─── SUPPLIED INFORMATION ───

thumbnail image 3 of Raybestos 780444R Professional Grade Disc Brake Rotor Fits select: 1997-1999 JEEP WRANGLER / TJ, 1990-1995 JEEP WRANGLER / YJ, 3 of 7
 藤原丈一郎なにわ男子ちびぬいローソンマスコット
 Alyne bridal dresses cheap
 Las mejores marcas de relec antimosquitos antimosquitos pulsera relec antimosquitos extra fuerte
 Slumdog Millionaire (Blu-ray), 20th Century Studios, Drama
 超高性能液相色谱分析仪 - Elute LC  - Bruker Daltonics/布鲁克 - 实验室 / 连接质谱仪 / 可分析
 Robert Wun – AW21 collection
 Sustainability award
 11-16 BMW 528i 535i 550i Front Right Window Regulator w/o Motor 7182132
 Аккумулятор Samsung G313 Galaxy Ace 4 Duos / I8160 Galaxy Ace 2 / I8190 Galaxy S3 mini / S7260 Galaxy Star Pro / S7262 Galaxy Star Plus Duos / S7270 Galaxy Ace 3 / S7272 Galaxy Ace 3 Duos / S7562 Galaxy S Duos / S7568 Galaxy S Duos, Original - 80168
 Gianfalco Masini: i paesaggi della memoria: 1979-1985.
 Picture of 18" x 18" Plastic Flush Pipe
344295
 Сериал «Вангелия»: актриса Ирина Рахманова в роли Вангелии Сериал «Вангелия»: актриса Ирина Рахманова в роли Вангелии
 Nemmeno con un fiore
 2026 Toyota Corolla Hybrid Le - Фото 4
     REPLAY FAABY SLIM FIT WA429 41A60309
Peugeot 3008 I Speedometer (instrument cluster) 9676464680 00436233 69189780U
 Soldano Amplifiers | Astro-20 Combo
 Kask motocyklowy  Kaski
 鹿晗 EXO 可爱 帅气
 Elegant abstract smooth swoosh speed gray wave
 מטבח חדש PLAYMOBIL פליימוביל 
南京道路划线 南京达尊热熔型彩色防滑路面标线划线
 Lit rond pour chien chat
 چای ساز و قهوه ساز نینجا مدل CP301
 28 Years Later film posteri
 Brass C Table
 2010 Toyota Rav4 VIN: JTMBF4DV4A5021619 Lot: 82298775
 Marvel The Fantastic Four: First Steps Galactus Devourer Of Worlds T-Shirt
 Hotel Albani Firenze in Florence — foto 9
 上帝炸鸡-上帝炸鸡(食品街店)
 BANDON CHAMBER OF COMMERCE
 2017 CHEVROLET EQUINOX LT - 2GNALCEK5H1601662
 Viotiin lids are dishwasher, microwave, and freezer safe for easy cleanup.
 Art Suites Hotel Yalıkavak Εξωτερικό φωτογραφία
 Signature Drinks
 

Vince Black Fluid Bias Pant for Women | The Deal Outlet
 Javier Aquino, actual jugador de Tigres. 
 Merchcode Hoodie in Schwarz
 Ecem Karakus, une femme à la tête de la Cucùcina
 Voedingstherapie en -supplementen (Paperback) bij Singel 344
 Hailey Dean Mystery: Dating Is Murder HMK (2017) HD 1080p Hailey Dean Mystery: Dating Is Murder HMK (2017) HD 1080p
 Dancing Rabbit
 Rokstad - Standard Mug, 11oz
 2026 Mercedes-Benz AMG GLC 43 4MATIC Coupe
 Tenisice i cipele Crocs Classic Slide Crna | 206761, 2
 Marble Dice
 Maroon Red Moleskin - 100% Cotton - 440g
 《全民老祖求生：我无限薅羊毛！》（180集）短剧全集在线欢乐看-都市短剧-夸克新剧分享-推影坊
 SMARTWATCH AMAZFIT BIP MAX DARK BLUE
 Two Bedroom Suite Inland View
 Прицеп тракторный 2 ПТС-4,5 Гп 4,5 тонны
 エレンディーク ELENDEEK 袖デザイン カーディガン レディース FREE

───

▸ **WHAT YOU SHOULD DO**: From the records above, return each line where "Hotel" occurs.

▸ **YOUR SOLUTION**:
 Hotel Albani Firenze in Florence — foto 9
 Art Suites Hotel Yalıkavak Εξωτερικό φωτογραφία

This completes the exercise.